Orders for the attack.

On 4th April 1943, 38 (Irish) Infantry Brigade OO No 15 was issued. The Brigade (less 2 LIR) had under command 2 Hamps and 16 Durham Light Infantry (16 DLI), two sections 214 Field Regiment Royal Engineers, and 11 Pack Transport Coy RASC, and in support an A/Tk battery and an artillery group consisting of 8 heavy, 16 medium and 32 field guns. The lack of tracks and hilly country provided as many difficulties as the enemy, and counter measures were given in detail in the order.

The Brigade was to protect the left flank of 78 Division by seizing Djebel Mahdi (4244) and Mt Kachbia (3943). The attack was to be carried out in two stages.

RE were allotted the task of clearing mines improving and signposting roads and blasting weapon slits if necessary on Djebel Mahdi.

To begin with, communications had to be maintained by 21 sets carried on mules. Essential F transport was to be concentrated forward and called up when possible after the capture of the objectives. Mules were to be used for maintenance in the rear areas and to begin with also on the objectives.

The Attack – 7th April.

Preparations detailed in the OO were duly carried out. Brigade command post was established at 350376 and at 0350, the artillery programmes commenced.

I First phase.

Patrols (which had no contact) preceded the attack. 2 Hamps occupied Mt Kachbia unopposed by 0540hrs and at 0600hrs, 6 Innisks reported themselves on the objective, though pt355 had not yet been occupied. The enemy on forward slopes of Mahdi surrendered on the approach of our infantry but it was after reaching the objective that most trouble was experienced.

2 Hamps were not troubled by fire or counter attack, but 6 Innisks, after setting about consolidation and collecting up to 20 PoWs in mopping up operations were pinned at 0840hrs by MG fire from the left and also received attention from enemy mortars left and right. Furthermore, small parties from Oued Bouneb area (captured by 36 Brigade) had made their way to SE side of Mahdi and opened up with MGs.

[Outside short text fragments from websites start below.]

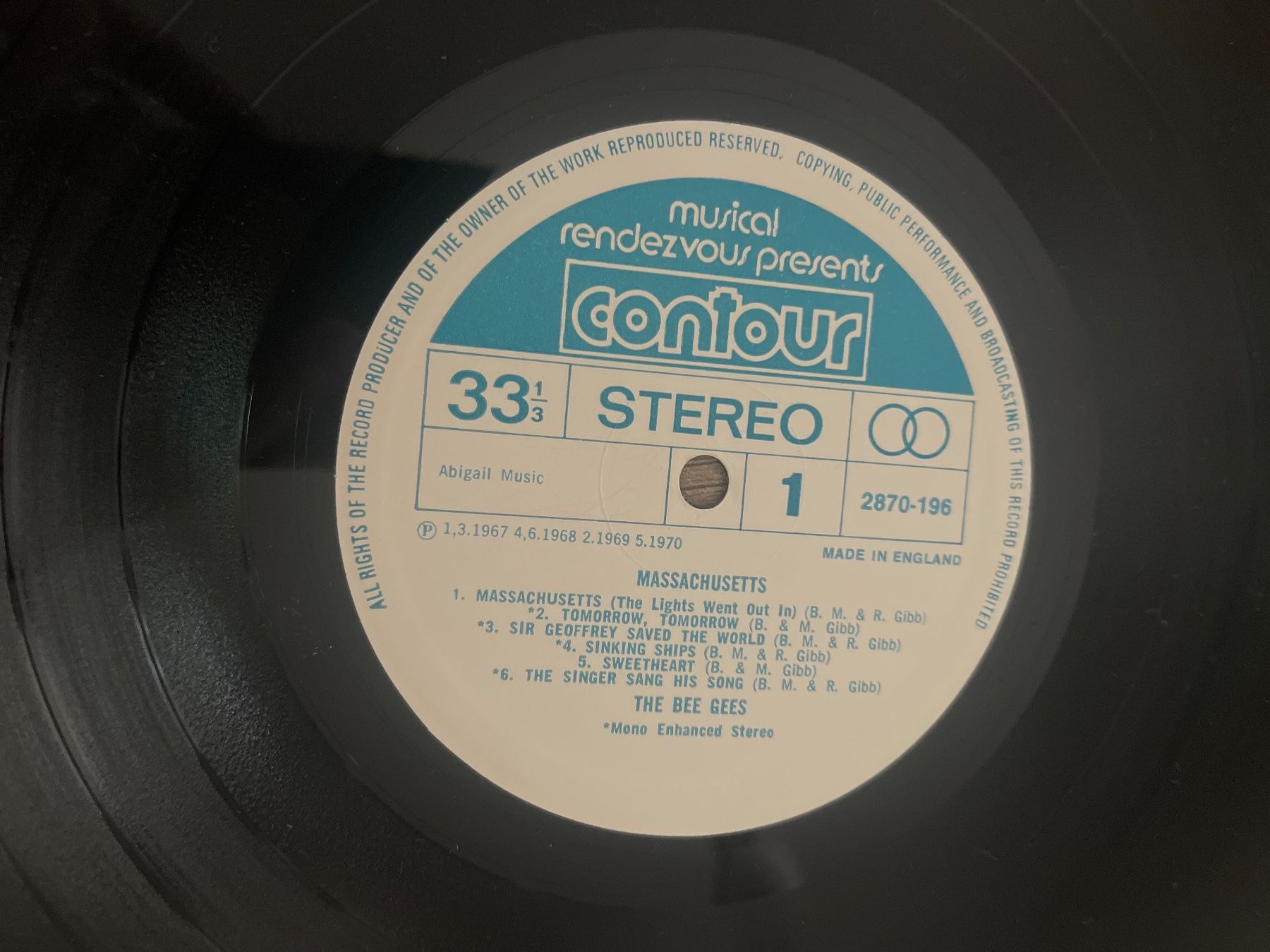 Schallplatten: A867/The Bee Gees Massachusetts – Gebraucht aus Frutigen von Philippe_jsp 2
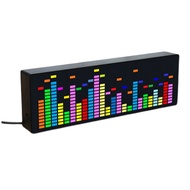 P.K.YO-Color LED Music Spectrum Electronic Clock Rhythm Light 1624RGB Atmosphere Lamp Level Indicato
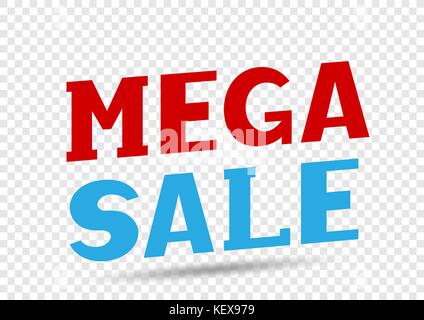 Mega verkauf Nachricht Stock Vektor
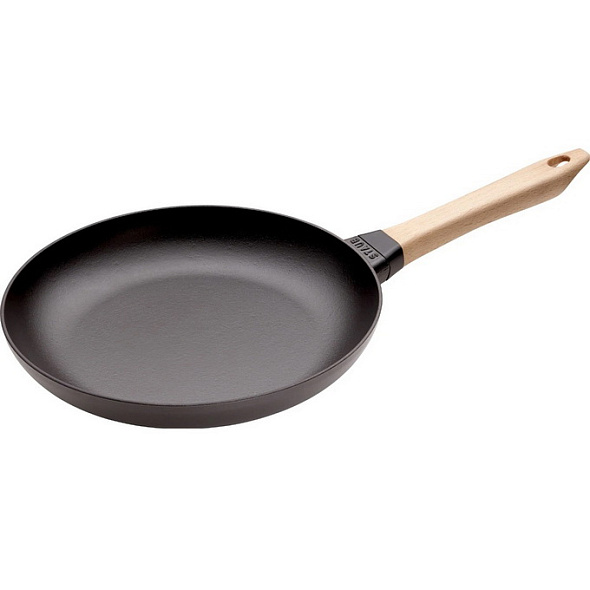 Сковорода с деревянной ручкой Staub Specials 26 см, черная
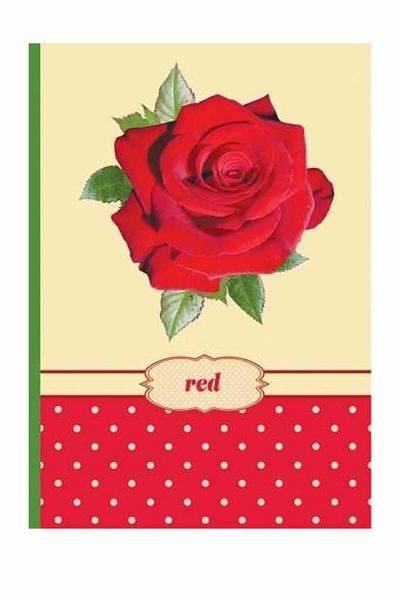 DEFFTER Roses Red Notebook /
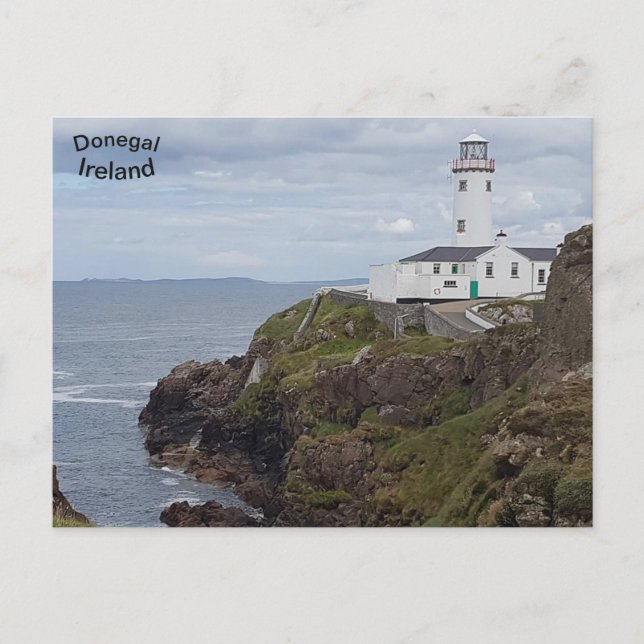Irland, Fanad Lighthouse, Donegal, Irland. Postkarte (Vorderseite)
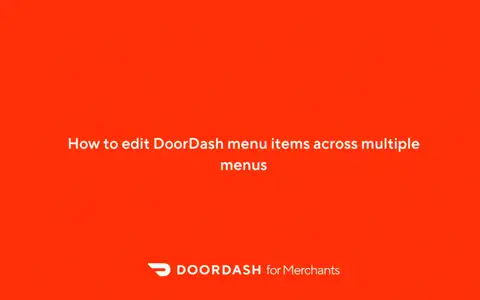 EN Edit Multiple Menus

From their objective, 2 Hamps were able to see detailed enemy positions in area 4044 and enemy firing from this area were heavily engaged by our artillery. It was difficult in the wadi country for artillery to be certain of knocking out even pin pointed posts and occasional bursts of MG and mortar fire came from the left all day. However, no counter attack was actually put in and by 0945hrs, pt 355 was definitely taken and consolidation was well advanced.

At 0915, enemy shelled 387394 but improvement of tracks had been started. At 0925hrs, RE reported roads clear as far as 379424 and 403418 and work was going on at the track to Mahdi. At 0945hrs, 2 Hamps did not require any transport up, but 6 Innisks called for 4 ammunition carriers.

II 2nd Phase.

At 0640hrs, 1 RIrF were released from Divisional reserve and 16 DLI were also started on their forward move. Brigade Commander, CRA and Commander 1 RIrF immediately made a recce and by 0900, the Battalion was on the move. At 1220, part of the infantry was well forward and their MTO had been ordered to send up some F transport.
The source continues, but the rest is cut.